---- Task input

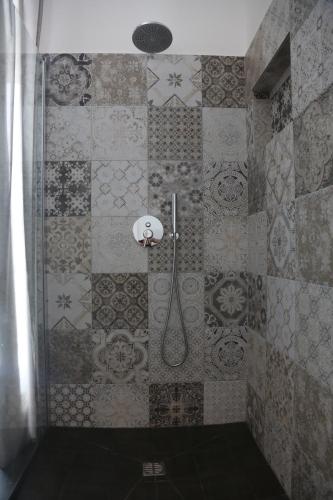 dimi house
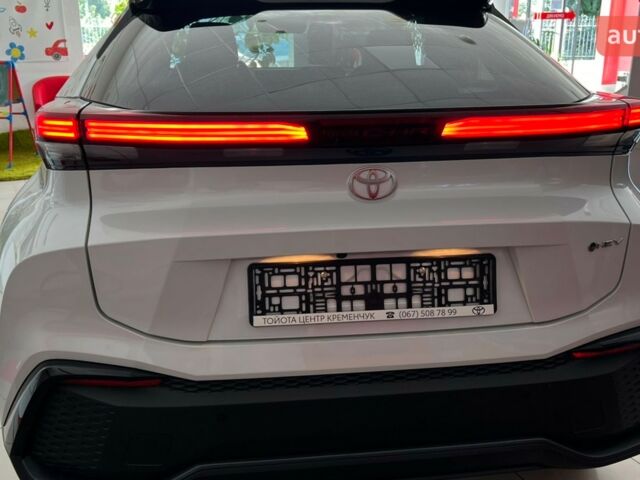 Тойота C-HR, объемом двигателя 1.8 л и пробегом 0 тыс. км за 39067 $, фото 6 на Automoto.ua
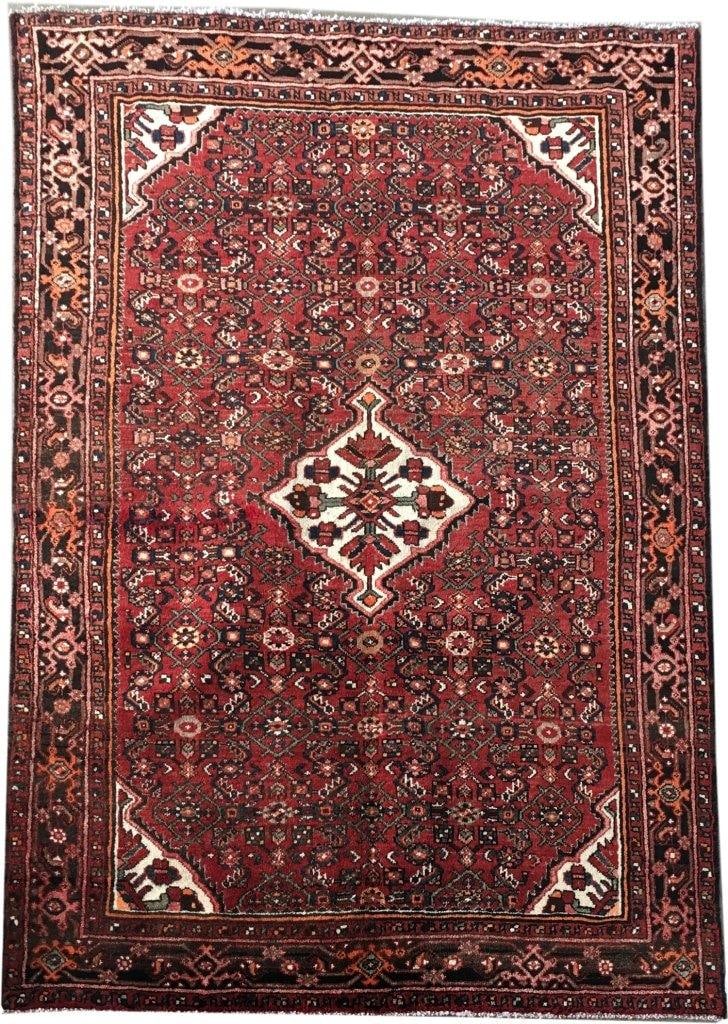 Handcrafted 5'1 x 6'9 White Ivory Persian Hamadan Rug: Handcrafted 5'1 x 6'9 White Ivory Persian Hamadan Rug Free continental US Shipping Enhance your living space with the exquisite 5' x 7' White Ivory Persian Hamadan Rug, handcrafted by skilled Persian 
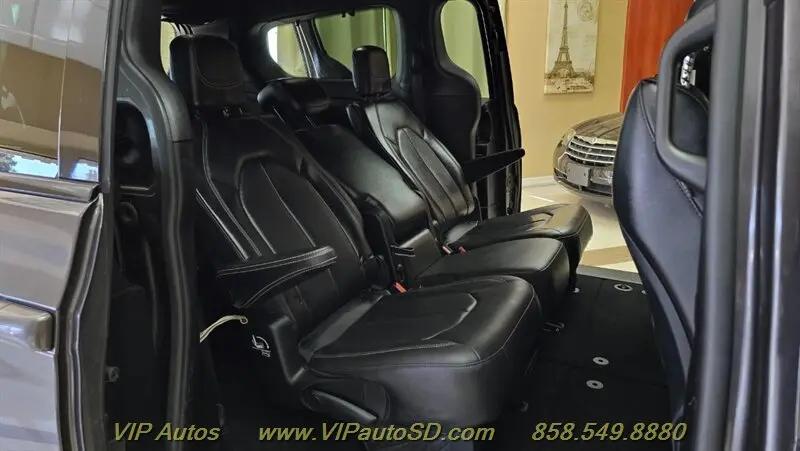 2019 Chrysler Pacifica Touring L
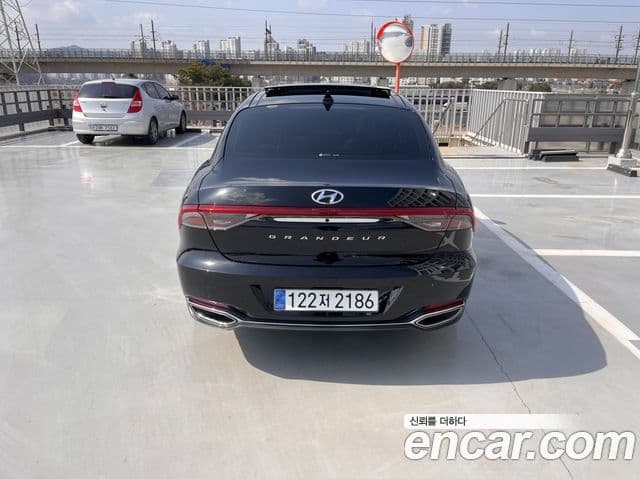 Hyundai The / новый New Grandeur IG гибрид Le Blanc, 2023 все фото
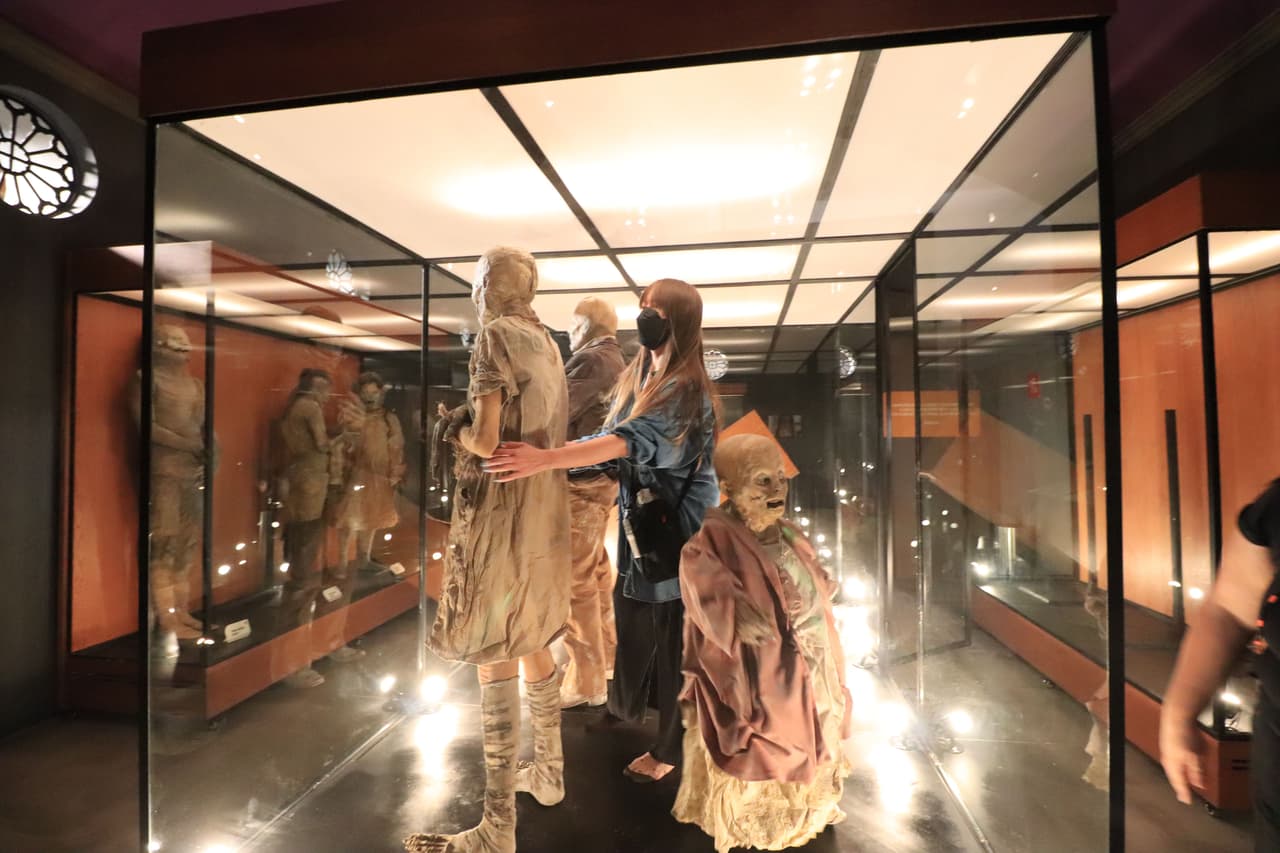 Las vitrinas se fueron llenando poco a poco de estas momias vivientes.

--------

- **Exercise goal**: Without the images, write out all of the records exactly.

- **Completed task**:
 dimi house
 Тойота C-HR, объемом двигателя 1.8 л и пробегом 0 тыс. км за 39067 $, фото 6 на Automoto.ua
 Handcrafted 5'1 x 6'9 White Ivory Persian Hamadan Rug: Handcrafted 5'1 x 6'9 White Ivory Persian Hamadan Rug Free continental US Shipping Enhance your living space with the exquisite 5' x 7' White Ivory Persian Hamadan Rug, handcrafted by skilled Persian 
 2019 Chrysler Pacifica Touring L
 Hyundai The / новый New Grandeur IG гибрид Le Blanc, 2023 все фото
 Las vitrinas se fueron llenando poco a poco de estas momias vivientes.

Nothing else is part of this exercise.